This is a tale within a tale within a tale. Appolodorus tells his unnamed friend about a drinking party attended by Socrates; Applodorus wasn't at it but he has been told the tale by someone else.
It is a group of Athenian friends (including Aristophanes). After the banquet they send the flute girl away and entertain one another, at the insistence of Phaedrus, by talking about love. This being Athens they are mainly chatting about the love of an older man for a beautiful boy.
This being a drinking party, inevitably one of them gets hiccoughs and several offer remedies (sniffing snuff and sneezing was a new one to me!
Socrates weighs in last, pretending to be intimidated by the wonderful rhetoric that he has heard. He is an old fraud. He always pretends to be so humble and then demolishes the arguments of his friends. But he the sort of Cartesian philosopher who smashes down every assertion made by someone else until you are convinced that everything they have said is wrong. He then proposes his own solution and it is just as opinionated and just as ridiculous as the arguments he has destroyed but by this time everyone is reeling from his attack so no one is able to say: hang on a bit there Socrates. They call it Socratic dialogue but just like the dialogues of Galileo, the author tilts the scales.
Then Alcibiades gatecrashes the party, already drunk.

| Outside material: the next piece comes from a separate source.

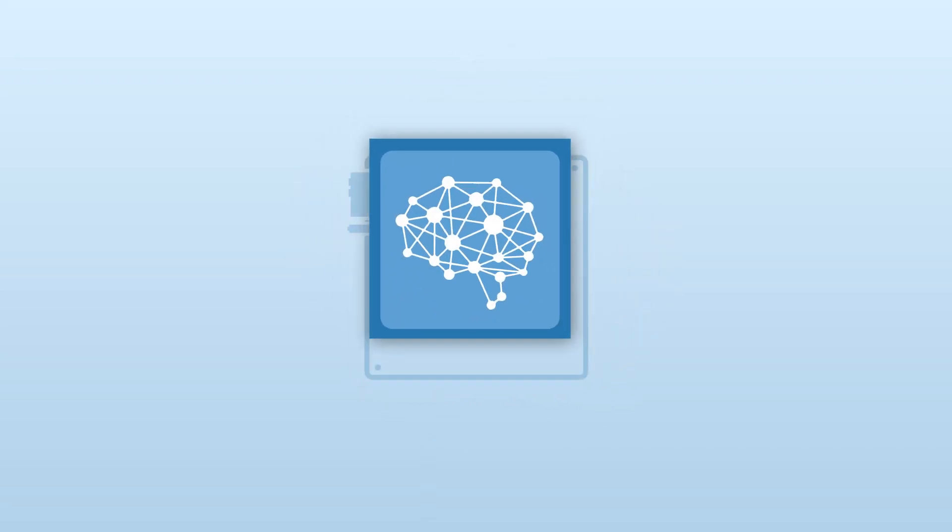So first things first, what is a motherboard? Well, if the CPU is the brain of the PC, then the motherboard is like the nervous system connecting all the other components together.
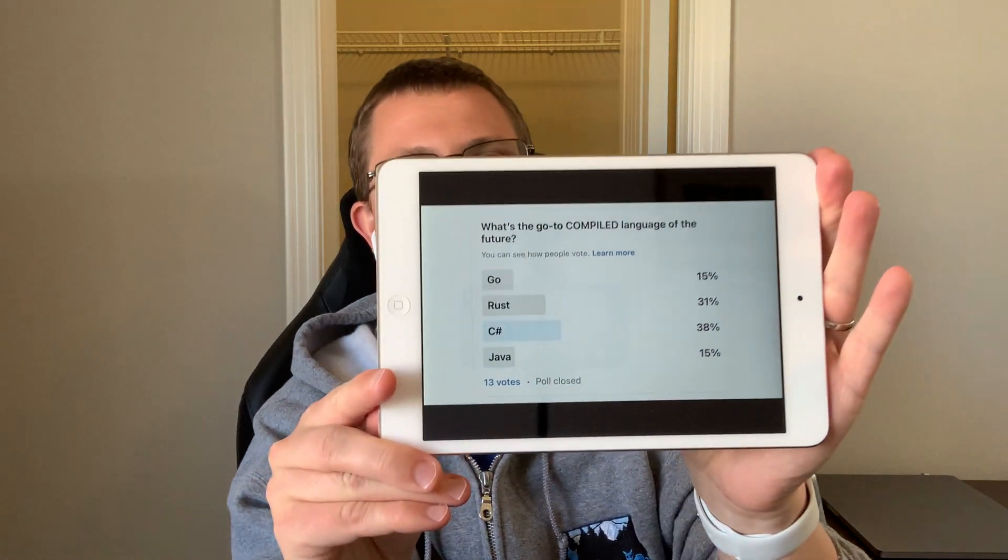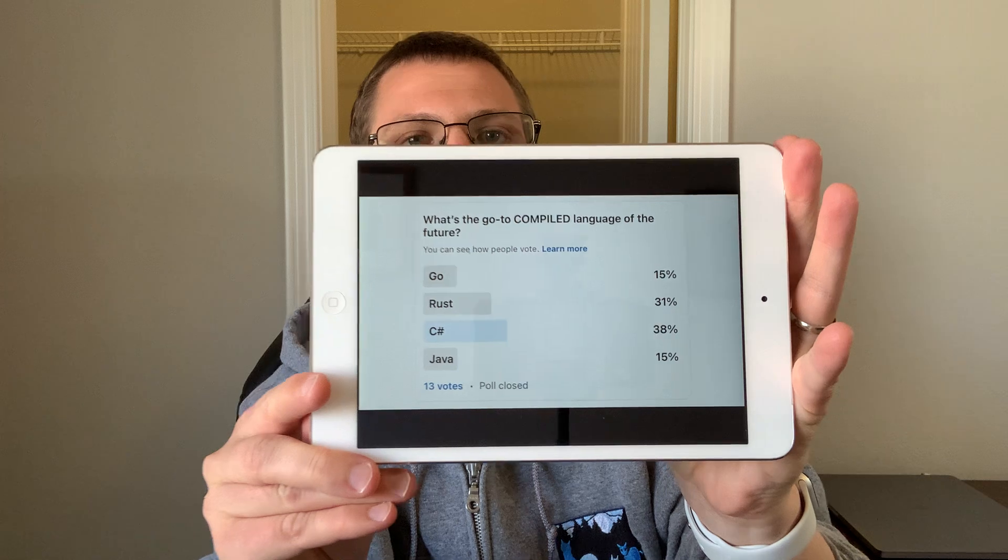I was actually kind of surprised at how close the results were, especially initially. Then Rust and C# pulled ahead. I'm not putting too much weight on the fact that C# won out over Rust in this poll, mainly because most of my network is C# developers — I think it's heavily skewed in that direction because of my career history. But Rust was number two, and Rust really spoke to me. I was kind of looking for validation that by picking Rust, I was going in the right direction.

He too talks of love. He says how much he loves Socrates, despite Socrates being so ugly. Alcibiades was famous as a beautiful youth and he recounts a situation in which he tried to tempt Socrates into having sex with him by manipulating things so that they slept together. But Socrates had more self control and this has rather piqued the formerly irresistible Alcibiades.
So the book ends as a hymn of praise to Socrates. Plato was besotted with this bloke, wasn't he!
Then another guest gatecrashes and everyone gets drunk.
Hiccoughs, drunkenness and gay love; not really what I expected from Plato.